• ACTIVITY: Below are entries with pictures in them. Output exactly the lines starting at the line with "Item preview, Troopcarriers" and ending at the line with "Goranboy rayonunun Meşəli", both included, but not the pictures.

• DATA SECTION:
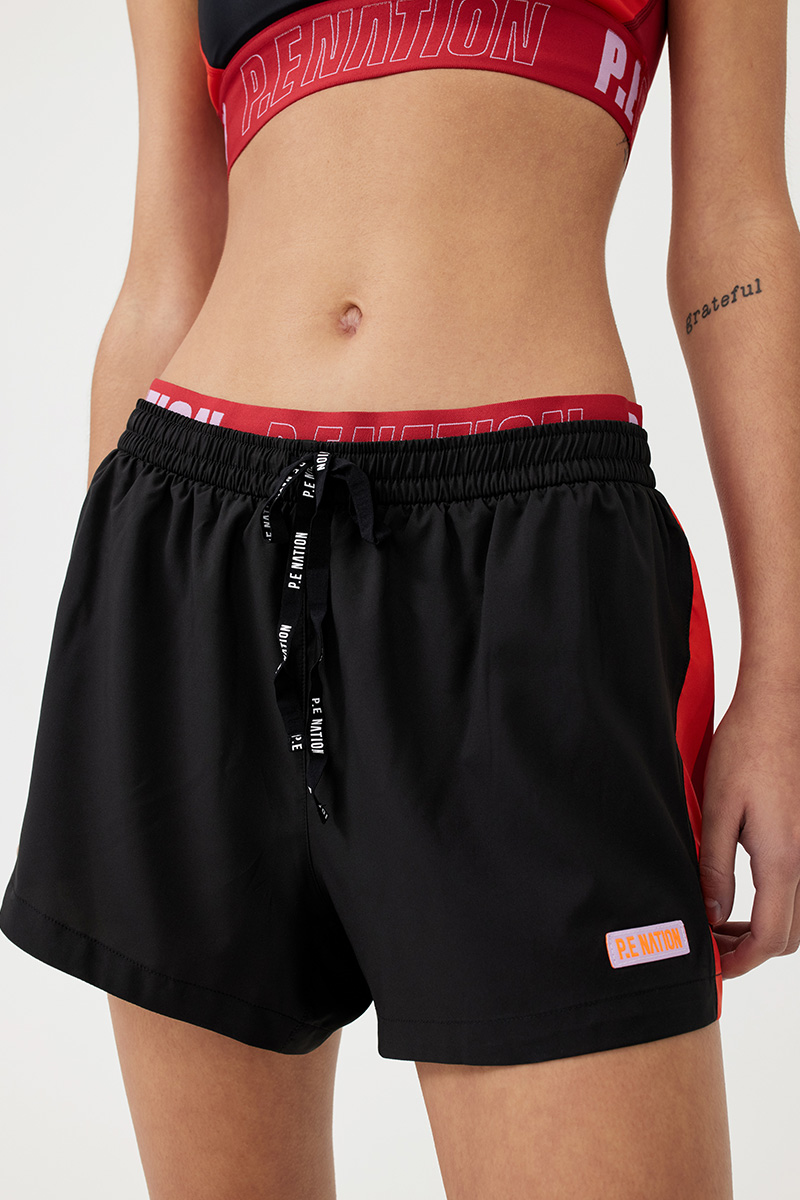 courtside track shorts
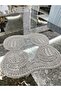 Placemat Embroidery Luxury Supla Nur Table and Presentation Set Dowry Cup Cappuccino - 2
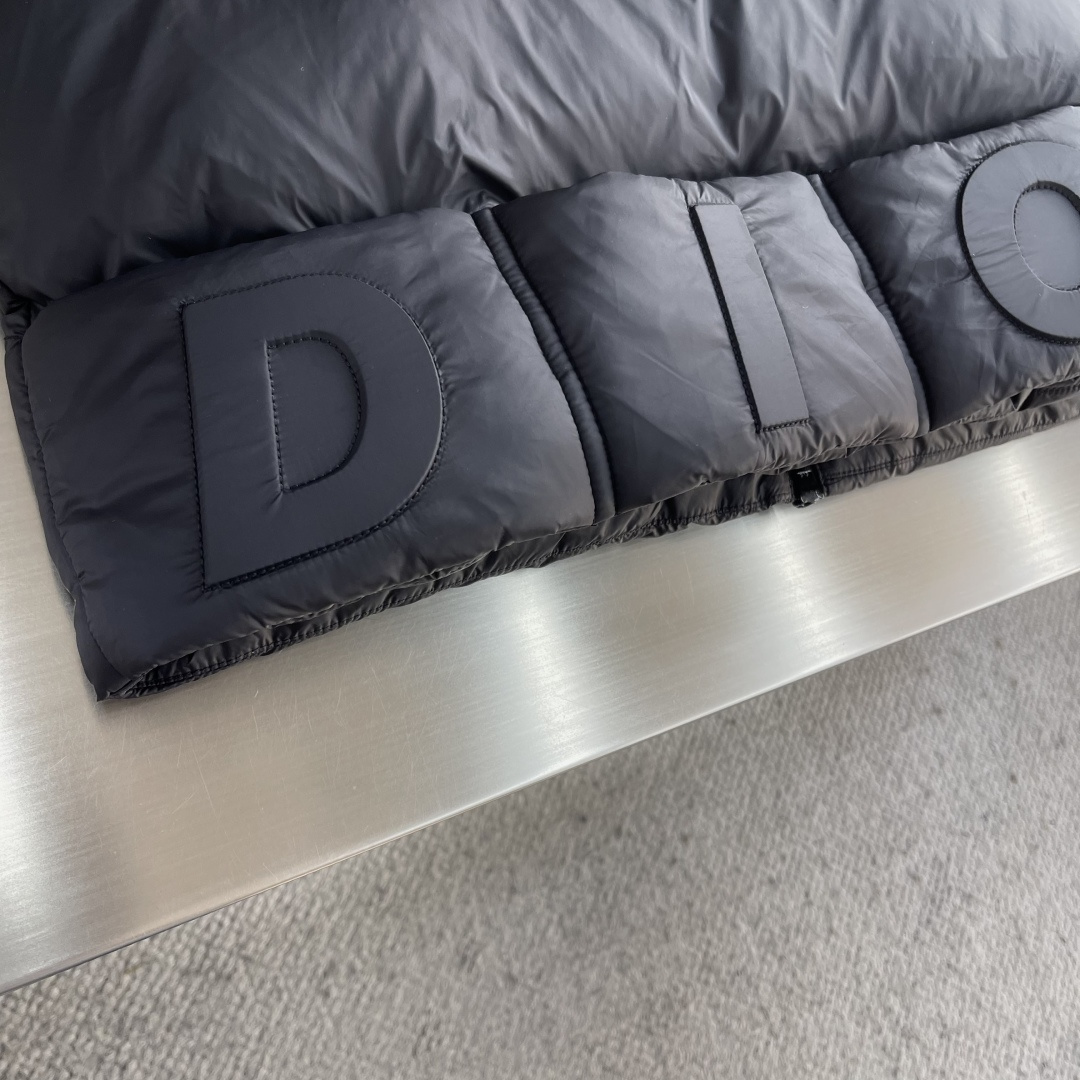 Dior Down Jacket White Duck Down Hooded M-xl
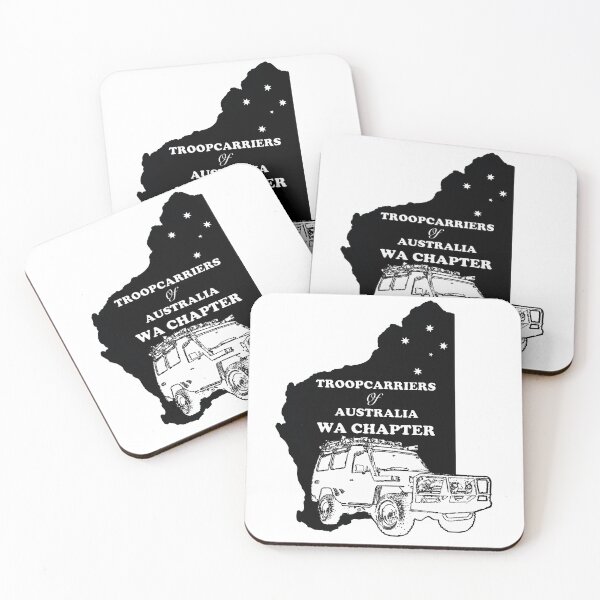 Item preview, Troopcarriers of Australia - WA Chapter logo with Black state designed and sold by ODINDISA.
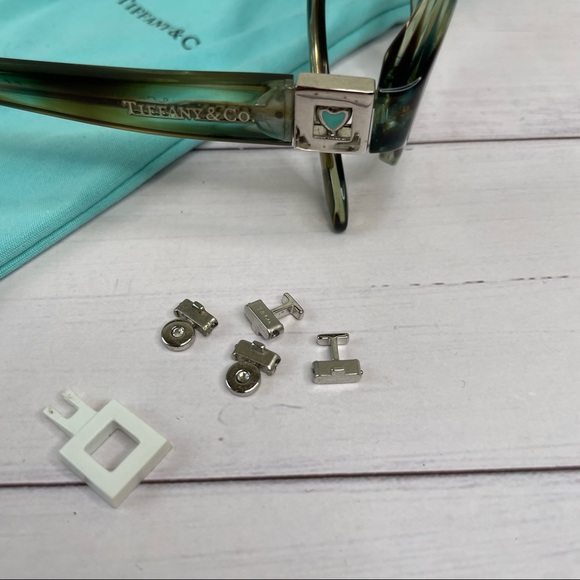 Tiffany & Co clear tortoise glasses, changeable charms - Picture 2 of 6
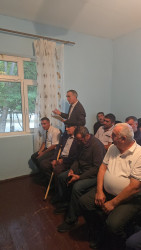 Goranboy rayonunun Meşəli qəsəbəsində müvəqqəti məskunlaşmış Xocalı rayon sakinlərinin səyyar görüş-qəbulu keçirilmişdir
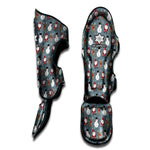 Santa Claus And Friends Pattern Print Muay Thai Shin Guard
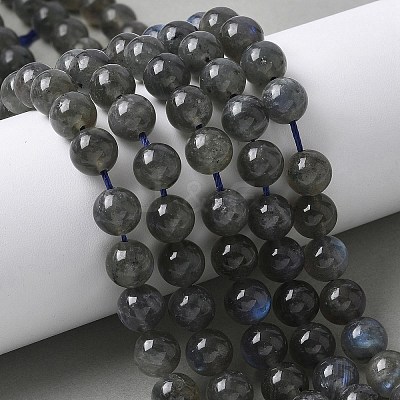 Natural Labradorite Beads Strands G-U017-8MM-01-1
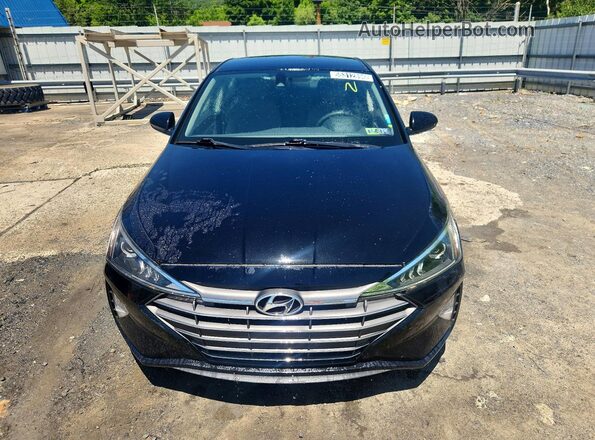 5NPD74LF1KH445678 2019 HYUNDAI ELANTRA Black 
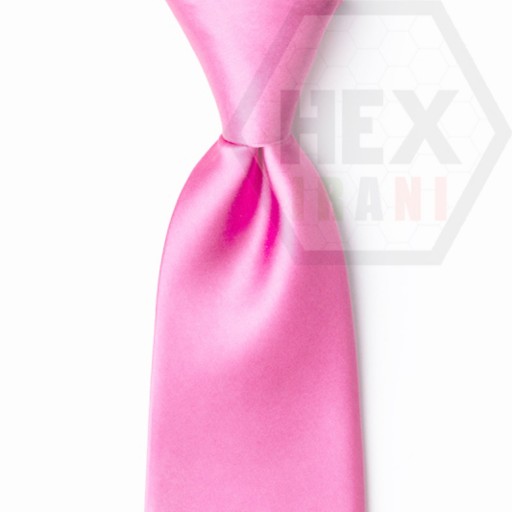 کراوات ساتن صورتی پررنگ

• RESULT FOR THIS TASK:
 Item preview, Troopcarriers of Australia - WA Chapter logo with Black state designed and sold by ODINDISA.
 Tiffany & Co clear tortoise glasses, changeable charms - Picture 2 of 6
 Goranboy rayonunun Meşəli qəsəbəsində müvəqqəti məskunlaşmış Xocalı rayon sakinlərinin səyyar görüş-qəbulu keçirilmişdir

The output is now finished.